Stored data entries:
= Beginning of Section =
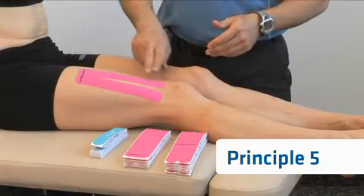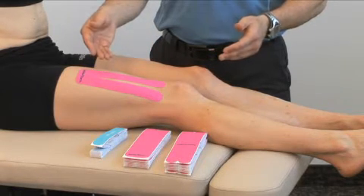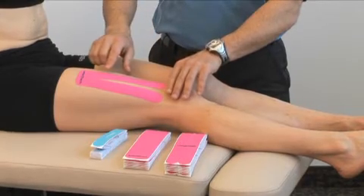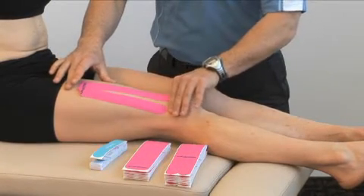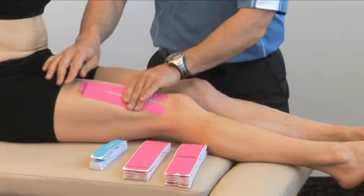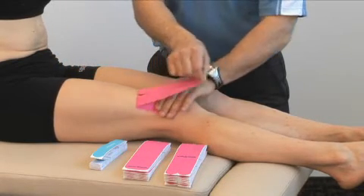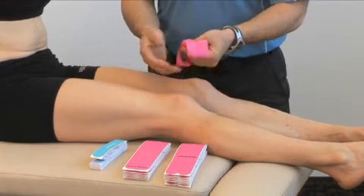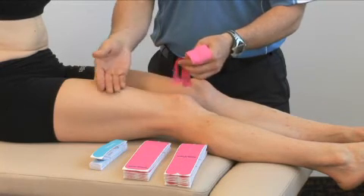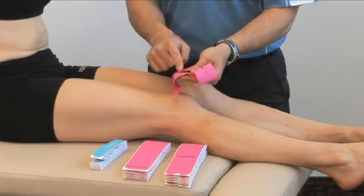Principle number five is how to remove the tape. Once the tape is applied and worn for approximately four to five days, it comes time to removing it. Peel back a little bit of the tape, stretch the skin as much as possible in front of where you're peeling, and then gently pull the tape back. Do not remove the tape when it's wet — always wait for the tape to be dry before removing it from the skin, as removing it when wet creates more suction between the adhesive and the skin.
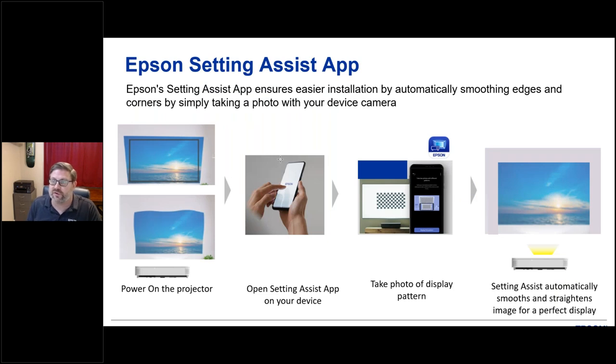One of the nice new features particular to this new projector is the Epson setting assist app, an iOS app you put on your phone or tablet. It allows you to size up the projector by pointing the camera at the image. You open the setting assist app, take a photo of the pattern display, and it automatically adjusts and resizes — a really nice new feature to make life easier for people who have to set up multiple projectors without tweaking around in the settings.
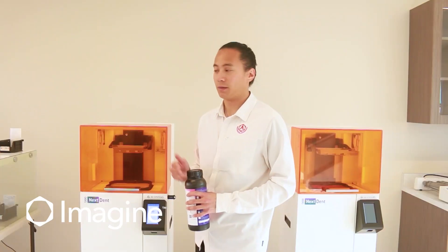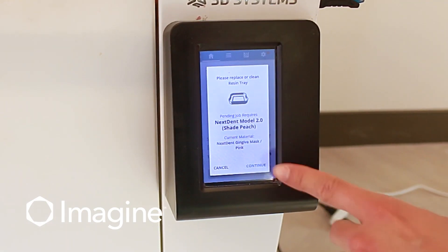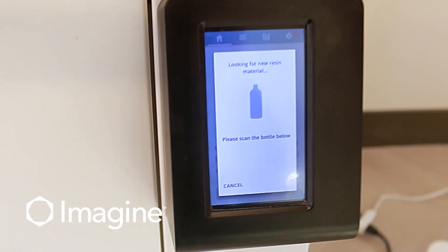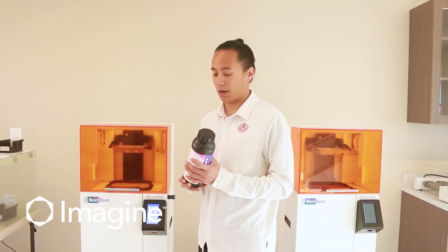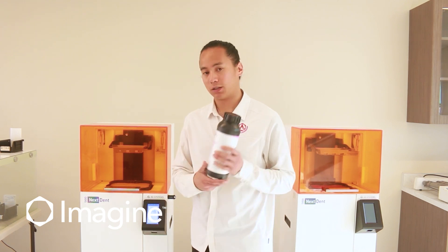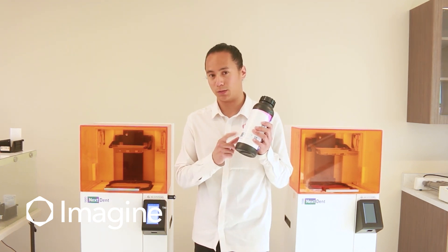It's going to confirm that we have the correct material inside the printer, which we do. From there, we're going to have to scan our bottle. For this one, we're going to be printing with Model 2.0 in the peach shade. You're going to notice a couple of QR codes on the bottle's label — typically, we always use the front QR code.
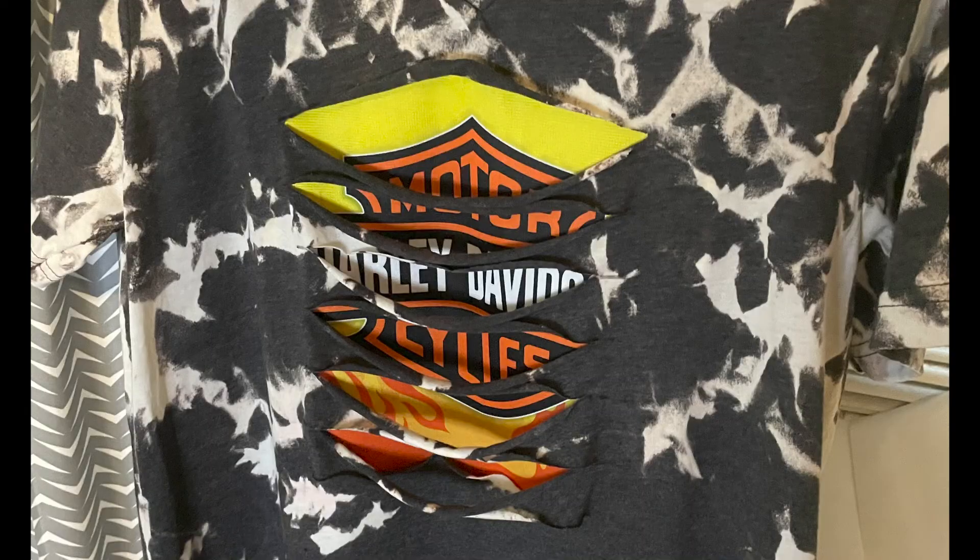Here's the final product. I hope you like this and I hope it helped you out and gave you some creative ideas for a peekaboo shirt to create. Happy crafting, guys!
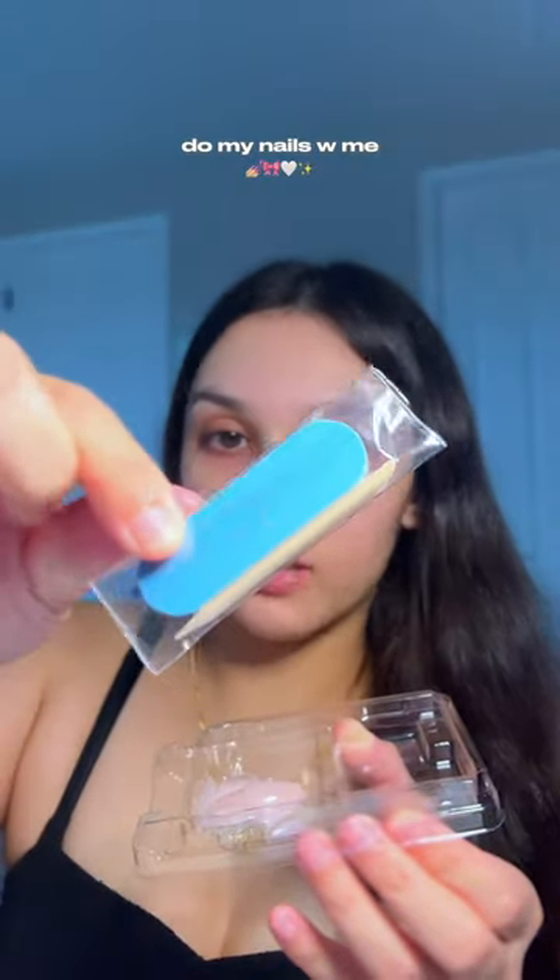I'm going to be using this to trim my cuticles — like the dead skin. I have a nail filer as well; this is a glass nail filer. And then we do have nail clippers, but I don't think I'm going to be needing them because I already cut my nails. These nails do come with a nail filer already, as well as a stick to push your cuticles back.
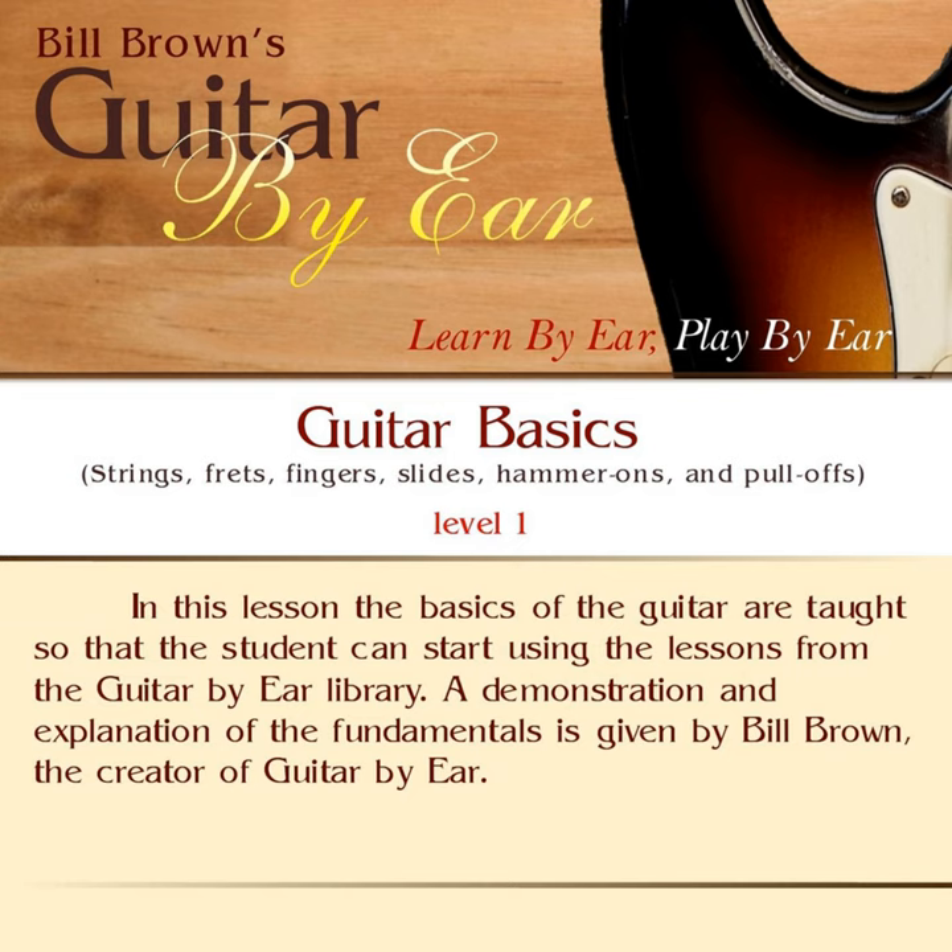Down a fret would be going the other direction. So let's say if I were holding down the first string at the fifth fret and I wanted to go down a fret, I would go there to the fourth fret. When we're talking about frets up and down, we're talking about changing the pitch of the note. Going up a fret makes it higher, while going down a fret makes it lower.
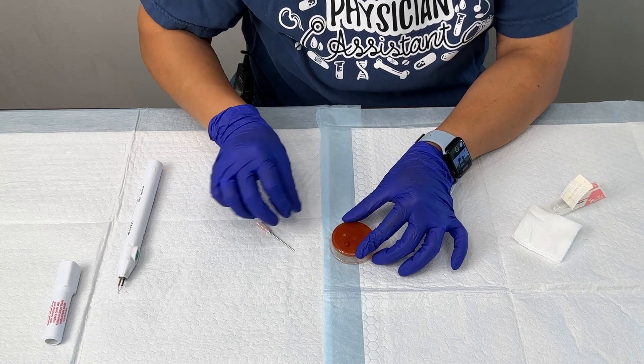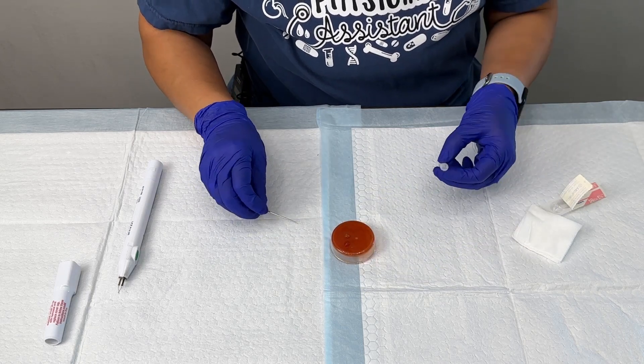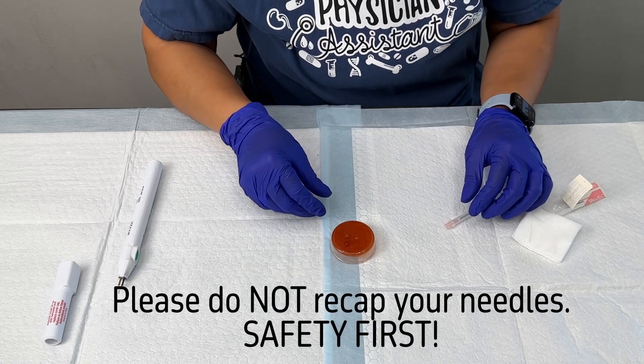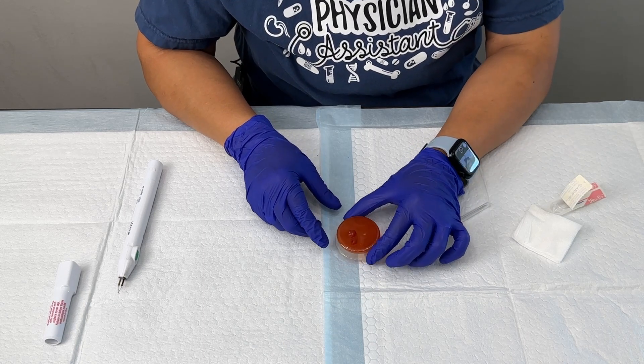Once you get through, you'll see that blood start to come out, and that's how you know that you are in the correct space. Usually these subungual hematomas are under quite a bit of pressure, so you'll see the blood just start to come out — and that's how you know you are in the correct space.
= End of Section =
→ **Problem description**
Your answer must be an exact transcription of the records above, minus the pictures.

→ **Result of this task**
Principle number five is how to remove the tape. Once the tape is applied and worn for approximately four to five days, it comes time to removing it. Peel back a little bit of the tape, stretch the skin as much as possible in front of where you're peeling, and then gently pull the tape back. Do not remove the tape when it's wet — always wait for the tape to be dry before removing it from the skin, as removing it when wet creates more suction between the adhesive and the skin.
One of the nice new features particular to this new projector is the Epson setting assist app, an iOS app you put on your phone or tablet. It allows you to size up the projector by pointing the camera at the image. You open the setting assist app, take a photo of the pattern display, and it automatically adjusts and resizes — a really nice new feature to make life easier for people who have to set up multiple projectors without tweaking around in the settings.
It's going to confirm that we have the correct material inside the printer, which we do. From there, we're going to have to scan our bottle. For this one, we're going to be printing with Model 2.0 in the peach shade. You're going to notice a couple of QR codes on the bottle's label — typically, we always use the front QR code.
Here's the final product. I hope you like this and I hope it helped you out and gave you some creative ideas for a peekaboo shirt to create. Happy crafting, guys!
I'm going to be using this to trim my cuticles — like the dead skin. I have a nail filer as well; this is a glass nail filer. And then we do have nail clippers, but I don't think I'm going to be needing them because I already cut my nails. These nails do come with a nail filer already, as well as a stick to push your cuticles back.
Down a fret would be going the other direction. So let's say if I were holding down the first string at the fifth fret and I wanted to go down a fret, I would go there to the fourth fret. When we're talking about frets up and down, we're talking about changing the pitch of the note. Going up a fret makes it higher, while going down a fret makes it lower.
Once you get through, you'll see that blood start to come out, and that's how you know that you are in the correct space. Usually these subungual hematomas are under quite a bit of pressure, so you'll see the blood just start to come out — and that's how you know you are in the correct space.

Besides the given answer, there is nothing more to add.